Na realidade, meios, fins imediatos e mediatos fazem parte de uma mesma e articulada lógica insurrecional. Por exemplo, as pressões pelo assentamento das 140 mil famílias acampadas à espera da terra prometida pelo governo, segundo os números do MST, têm apenas importância tática, restrita. Para Stédile, a expansão do agronegócio de ampla base tecnológica tornou obsoleto "o modelo das reformas agrárias clássicas". Já não se trata de distribuir lotes aos que deles precisam para sobreviver: isso é detalhe.

Hoje, a reforma agrária "pressupõe um novo projeto político para o País", diz Stédile. "Necessariamente", faz questão de enfatizar. "A reforma agrária não se viabiliza no modelo neoliberal." A partir dessas palavras, é imperativo encarar cada uma e todas as ações - legais, pára-legais ou francamente ilegais - do MST como etapas da construção de um processo que, em nome da "democratização da sociedade" privilegia "novos mecanismos de participação popular" por oposição aos mecanismos da institucionalidade democrática: direitos individuais, liberdade de expressão, pluripartidarismo, eleições livres e regulares, alternância no poder e respeito às decisões do Judiciário.

O processo é revolucionário na medida em que presume implicitamente que aqueles "novos mecanismos" requerem a violência para se impor. Atos de selvageria como a destruição de um centro de pesquisas agrícolas da Aracruz no Rio Grande do Sul são legitimados pelo fato de a empresa ser "o símbolo do modelo do agronegócio neoliberal" e do capitalismo internacional. Como todo revolucionário quando confrontado com a questão da violência para atingir os seus alvos, Stédile a julga assunto menor perto do que seria o principal: "Ela é conseqüência do processo da imposição de um modelo..."

A violência como parteira da História já serviu de pretexto para a substituição de um modelo produtivo e de propriedade por outro, supostamente mais racional, apoiado na ciência e suas aplicações. O comunismo, dizia Lênin, são os sovietes mais a eletricidade. No caso do MST e congêneres do exterior com os quais está aliado, como a Via Campesina e ONGs companheiras de viagem, a violência serve ao retrocesso - a desmodernização da economia rural e a virtual abolição do comércio internacional de produtos agrícolas. Em vez disso, o Éden da agricultura familiar, quando não o comunismo primitivo, que de há muito as populações indígenas que o praticavam já descartaram.
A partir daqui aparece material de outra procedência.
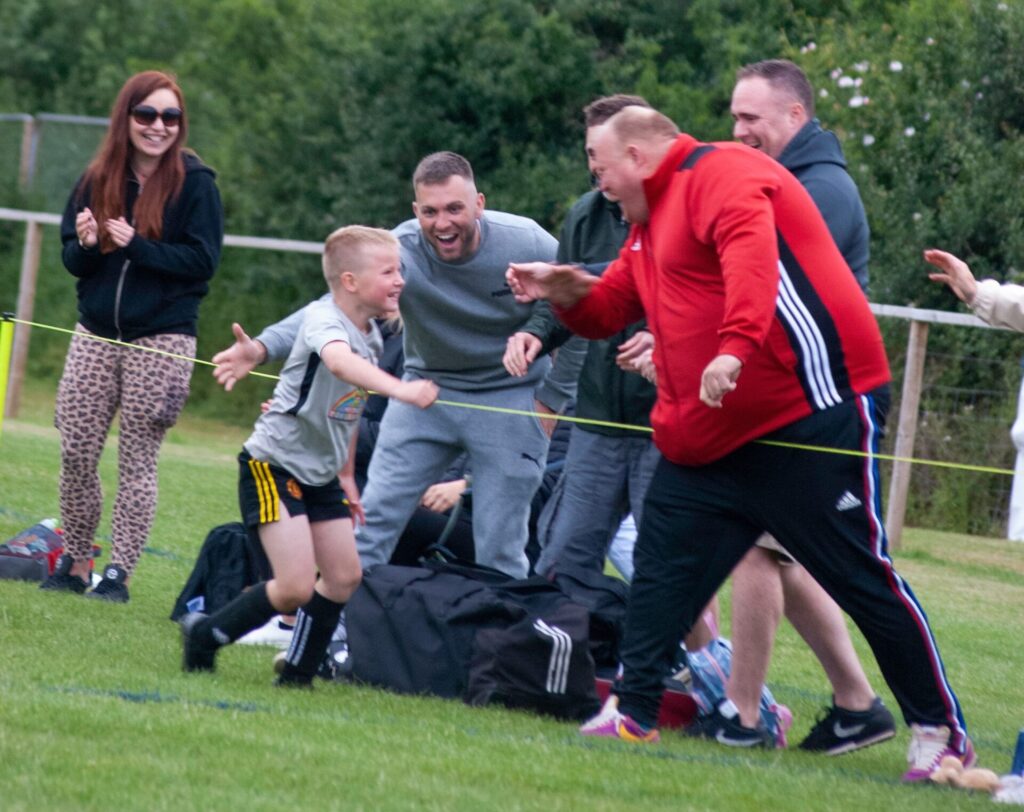 Leek U8's celebrate scoring at the New Tupton Ivanhoe Summer Festival of Football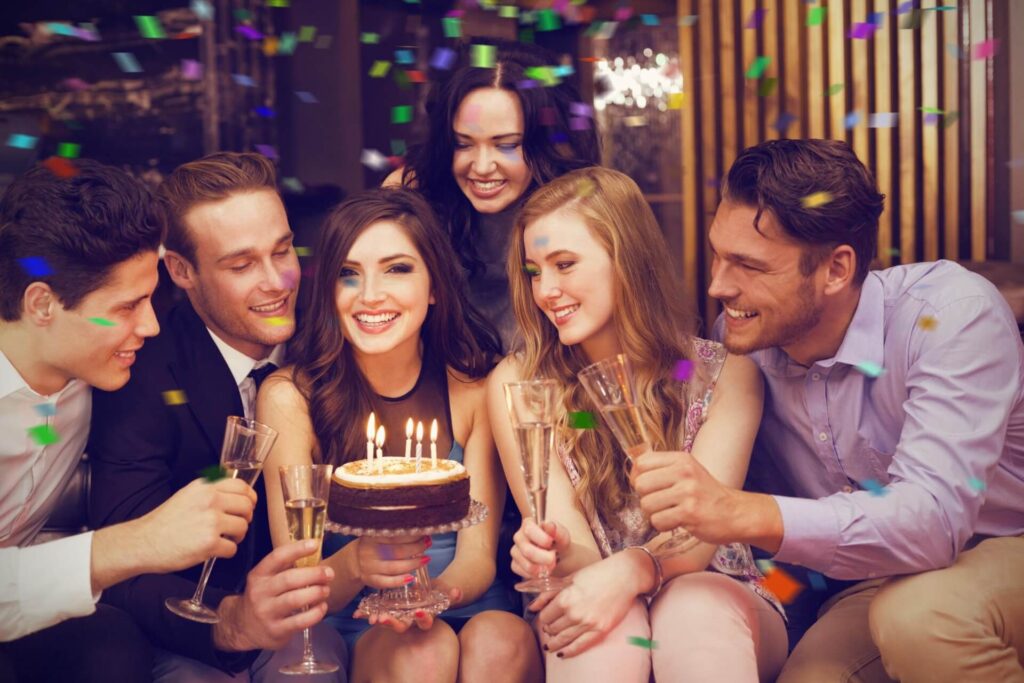 Eine Gruppe von sechs jungen Erwachsenen feiert drinnen in einer trendigen Geburtstagslocation in Wien einen Geburtstag. Die Frau in der Mitte lächelt über eine Torte mit brennenden Kerzen, während andere Sektgläser halten und Konfetti um sie herum fällt. Alle sehen fröhlich und festlich aus.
Essencialmente, como diria Stédile, não há diferença entre esse delírio e aqueles que conduziram aos inomináveis massacres da Revolução Cultural na China e do Khmer Vermelho no Camboja, décadas atrás. Nos dois casos, o inimigo era o conhecimento, a tecnologia, o progresso e o conforto material. Pol Pot, do Khmer, um revolucionário que estudou em Paris, queria simplesmente erradicar as cidades. Na China e no Camboja de então, uma Embrapa - matriz da moderna agricultura brasileira - teria o mesmo destino do centro gaúcho de pesquisas vandalizado pela descerebrada massa de manobra do MST.

A infantaria de Stédile é decerto a primeira vítima da sua estratégia criminosa. Afinal, quanto mais violento o MST e menor o apoio da opinião pública aos seus métodos, menor a eficácia das pressões legítimas para acelerar os assentamentos. Em perspectiva ampla, porém, o que conta é o desafio emessetista ao poder do Estado: foi assim no governo Fernando Henrique, que o enfrentou com tibieza que estimulou sua ousadia. É assim no governo atual, com Lula, seu aliado ostensivo, fazendo questão de envergar publicamente o seu principal símbolo: o boné vermelho.

O partido revolucionário chamado MST escarnece do Estado que o financia.